* _Work item_
Please restate the data that follows word for word, with the pictures left out.
___ Data
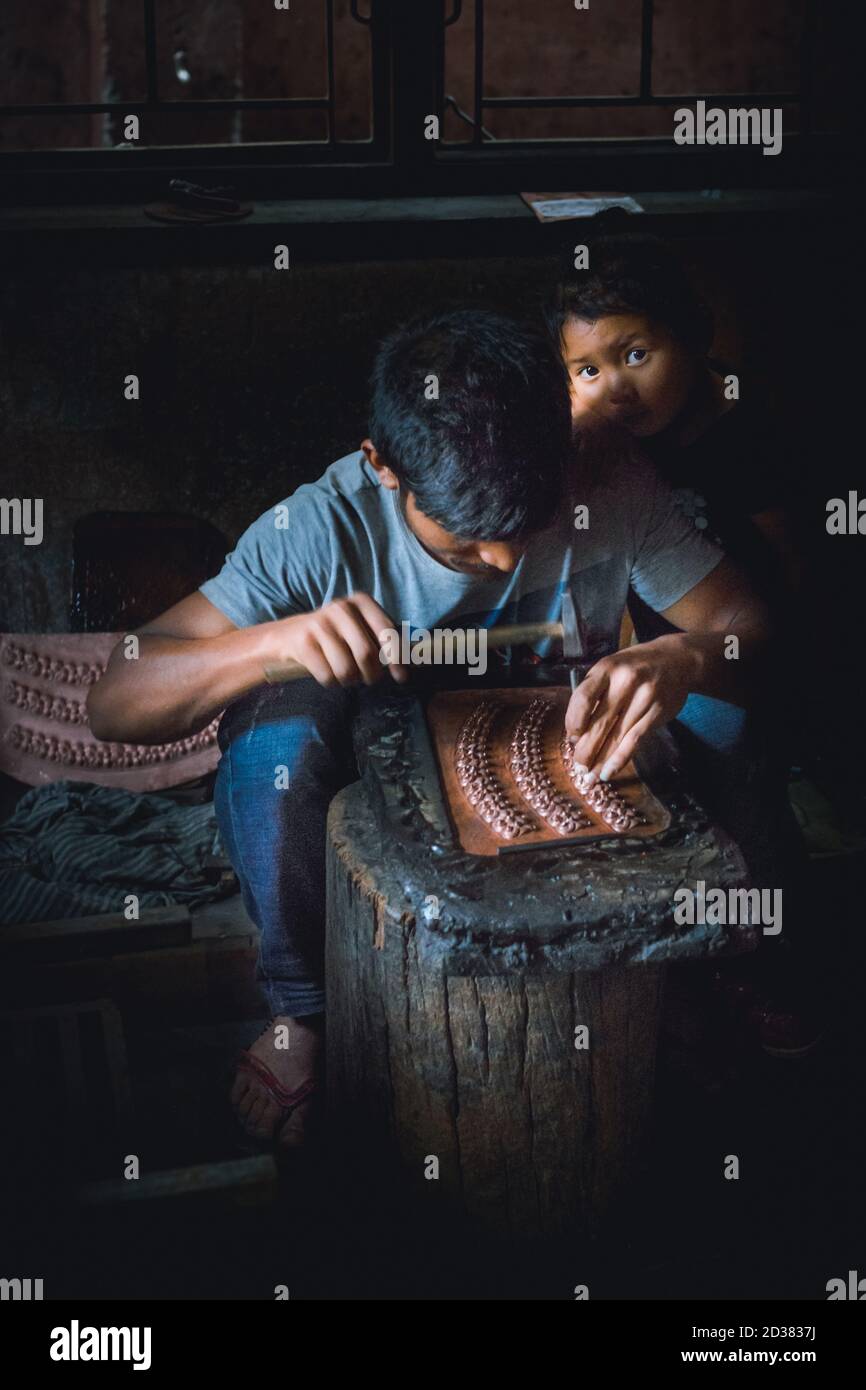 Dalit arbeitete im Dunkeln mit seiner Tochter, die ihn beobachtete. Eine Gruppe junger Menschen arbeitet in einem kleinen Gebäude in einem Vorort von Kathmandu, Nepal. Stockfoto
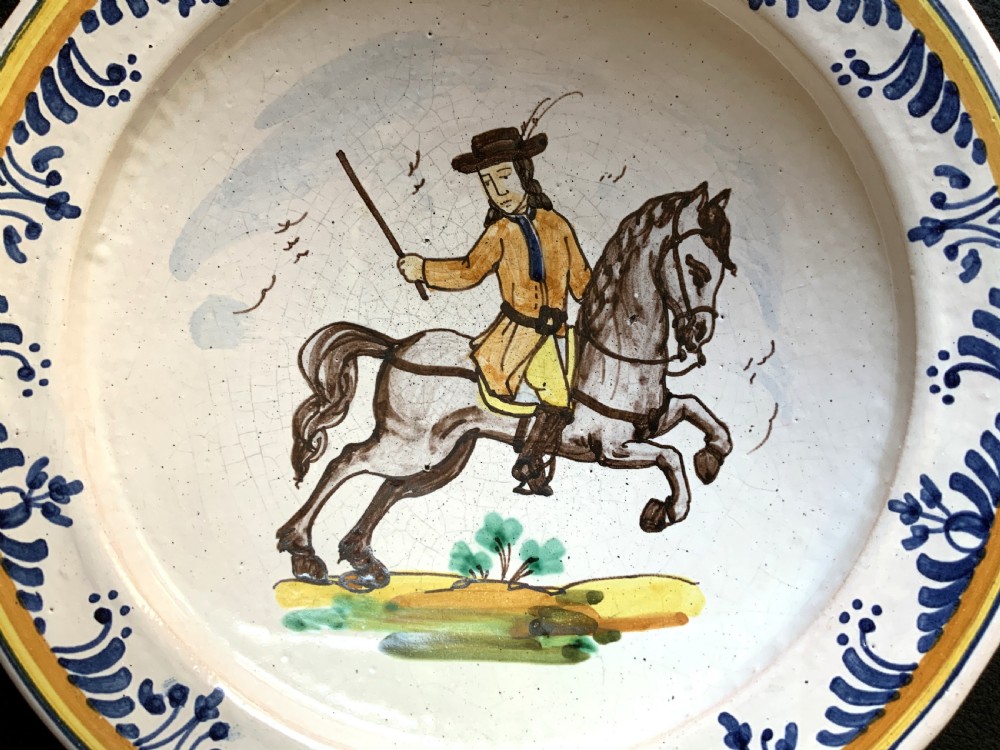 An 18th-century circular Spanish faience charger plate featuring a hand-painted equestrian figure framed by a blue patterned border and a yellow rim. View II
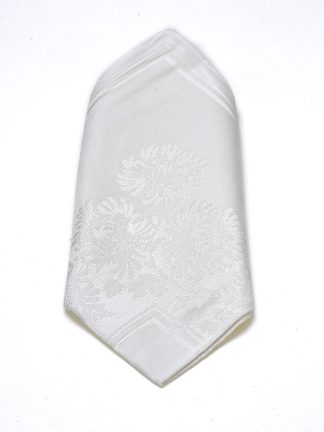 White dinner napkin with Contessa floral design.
______
* _Solution below_
 Dalit arbeitete im Dunkeln mit seiner Tochter, die ihn beobachtete. Eine Gruppe junger Menschen arbeitet in einem kleinen Gebäude in einem Vorort von Kathmandu, Nepal. Stockfoto
 An 18th-century circular Spanish faience charger plate featuring a hand-painted equestrian figure framed by a blue patterned border and a yellow rim. View II
 White dinner napkin with Contessa floral design.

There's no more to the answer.